PROBLEM STATEMENT |
Please take the lines from the one holding "Transitional flow is" through the one holding "As you can see this" in the data below and copy them exactly.
(MATERIAL PROVIDED Opens)
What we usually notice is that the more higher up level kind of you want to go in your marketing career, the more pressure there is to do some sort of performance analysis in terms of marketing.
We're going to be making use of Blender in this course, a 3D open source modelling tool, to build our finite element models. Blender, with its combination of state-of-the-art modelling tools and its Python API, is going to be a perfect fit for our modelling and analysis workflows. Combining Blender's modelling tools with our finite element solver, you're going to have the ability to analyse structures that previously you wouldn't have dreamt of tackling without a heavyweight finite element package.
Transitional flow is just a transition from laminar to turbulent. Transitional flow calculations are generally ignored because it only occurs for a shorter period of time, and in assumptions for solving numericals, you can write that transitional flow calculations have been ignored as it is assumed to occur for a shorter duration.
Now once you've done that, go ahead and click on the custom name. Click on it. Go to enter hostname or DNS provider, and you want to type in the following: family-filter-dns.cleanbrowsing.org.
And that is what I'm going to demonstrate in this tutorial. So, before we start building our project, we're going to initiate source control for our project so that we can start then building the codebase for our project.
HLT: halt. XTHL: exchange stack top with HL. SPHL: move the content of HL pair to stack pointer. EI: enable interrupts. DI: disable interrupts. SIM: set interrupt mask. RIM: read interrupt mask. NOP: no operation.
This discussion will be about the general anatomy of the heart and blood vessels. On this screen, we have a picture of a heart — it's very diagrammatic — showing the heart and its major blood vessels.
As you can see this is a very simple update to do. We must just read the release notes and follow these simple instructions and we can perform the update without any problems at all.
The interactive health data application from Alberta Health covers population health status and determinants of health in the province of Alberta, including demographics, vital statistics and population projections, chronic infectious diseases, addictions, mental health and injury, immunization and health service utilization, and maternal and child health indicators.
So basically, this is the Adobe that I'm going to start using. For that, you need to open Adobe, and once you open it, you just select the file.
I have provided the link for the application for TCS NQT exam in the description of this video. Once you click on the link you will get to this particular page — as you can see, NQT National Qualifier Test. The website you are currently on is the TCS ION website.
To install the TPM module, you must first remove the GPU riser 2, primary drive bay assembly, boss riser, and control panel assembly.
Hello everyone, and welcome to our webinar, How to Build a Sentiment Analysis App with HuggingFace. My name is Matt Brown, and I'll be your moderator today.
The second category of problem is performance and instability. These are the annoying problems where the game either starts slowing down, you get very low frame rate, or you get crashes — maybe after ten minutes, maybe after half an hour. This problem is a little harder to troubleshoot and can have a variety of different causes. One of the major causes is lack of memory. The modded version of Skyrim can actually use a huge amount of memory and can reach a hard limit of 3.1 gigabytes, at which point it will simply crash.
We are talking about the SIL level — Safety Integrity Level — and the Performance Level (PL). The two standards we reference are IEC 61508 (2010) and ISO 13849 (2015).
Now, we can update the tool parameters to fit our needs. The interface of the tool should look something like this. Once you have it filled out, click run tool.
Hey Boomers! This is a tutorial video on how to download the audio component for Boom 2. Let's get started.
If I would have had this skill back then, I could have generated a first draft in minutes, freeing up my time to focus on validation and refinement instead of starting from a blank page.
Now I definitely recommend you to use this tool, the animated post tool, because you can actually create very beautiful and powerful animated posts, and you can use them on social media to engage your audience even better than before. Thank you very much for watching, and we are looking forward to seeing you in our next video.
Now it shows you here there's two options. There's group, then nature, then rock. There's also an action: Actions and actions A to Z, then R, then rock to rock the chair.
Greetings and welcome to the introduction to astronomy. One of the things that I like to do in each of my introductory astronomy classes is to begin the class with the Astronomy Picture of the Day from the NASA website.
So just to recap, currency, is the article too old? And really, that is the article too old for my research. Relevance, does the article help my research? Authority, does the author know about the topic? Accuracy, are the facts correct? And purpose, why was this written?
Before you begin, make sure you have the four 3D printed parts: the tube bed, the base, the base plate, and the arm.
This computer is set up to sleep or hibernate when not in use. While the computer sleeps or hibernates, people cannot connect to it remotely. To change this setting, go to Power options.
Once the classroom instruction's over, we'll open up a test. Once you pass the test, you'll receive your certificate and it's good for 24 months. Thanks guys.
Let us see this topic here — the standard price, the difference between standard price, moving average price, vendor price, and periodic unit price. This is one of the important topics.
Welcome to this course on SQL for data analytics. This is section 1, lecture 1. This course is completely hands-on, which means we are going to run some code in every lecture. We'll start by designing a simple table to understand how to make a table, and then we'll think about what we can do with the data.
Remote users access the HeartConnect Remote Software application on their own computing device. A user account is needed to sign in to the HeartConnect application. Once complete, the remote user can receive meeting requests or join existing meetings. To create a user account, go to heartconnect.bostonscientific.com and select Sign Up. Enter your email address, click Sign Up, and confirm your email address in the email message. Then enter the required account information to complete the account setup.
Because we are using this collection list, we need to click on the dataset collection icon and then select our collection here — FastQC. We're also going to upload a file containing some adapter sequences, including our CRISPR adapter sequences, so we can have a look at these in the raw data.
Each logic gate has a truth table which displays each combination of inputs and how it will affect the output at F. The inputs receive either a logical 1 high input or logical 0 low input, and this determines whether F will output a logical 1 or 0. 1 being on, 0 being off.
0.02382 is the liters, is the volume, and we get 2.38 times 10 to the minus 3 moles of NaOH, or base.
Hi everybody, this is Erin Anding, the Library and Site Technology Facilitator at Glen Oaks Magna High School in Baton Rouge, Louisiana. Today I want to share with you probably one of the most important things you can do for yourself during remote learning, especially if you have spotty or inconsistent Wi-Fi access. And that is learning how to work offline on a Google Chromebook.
(MATERIAL PROVIDED Closes)
TASK OUTPUT |
Transitional flow is just a transition from laminar to turbulent. Transitional flow calculations are generally ignored because it only occurs for a shorter period of time, and in assumptions for solving numericals, you can write that transitional flow calculations have been ignored as it is assumed to occur for a shorter duration.
Now once you've done that, go ahead and click on the custom name. Click on it. Go to enter hostname or DNS provider, and you want to type in the following: family-filter-dns.cleanbrowsing.org.
And that is what I'm going to demonstrate in this tutorial. So, before we start building our project, we're going to initiate source control for our project so that we can start then building the codebase for our project.
HLT: halt. XTHL: exchange stack top with HL. SPHL: move the content of HL pair to stack pointer. EI: enable interrupts. DI: disable interrupts. SIM: set interrupt mask. RIM: read interrupt mask. NOP: no operation.
This discussion will be about the general anatomy of the heart and blood vessels. On this screen, we have a picture of a heart — it's very diagrammatic — showing the heart and its major blood vessels.
As you can see this is a very simple update to do. We must just read the release notes and follow these simple instructions and we can perform the update without any problems at all.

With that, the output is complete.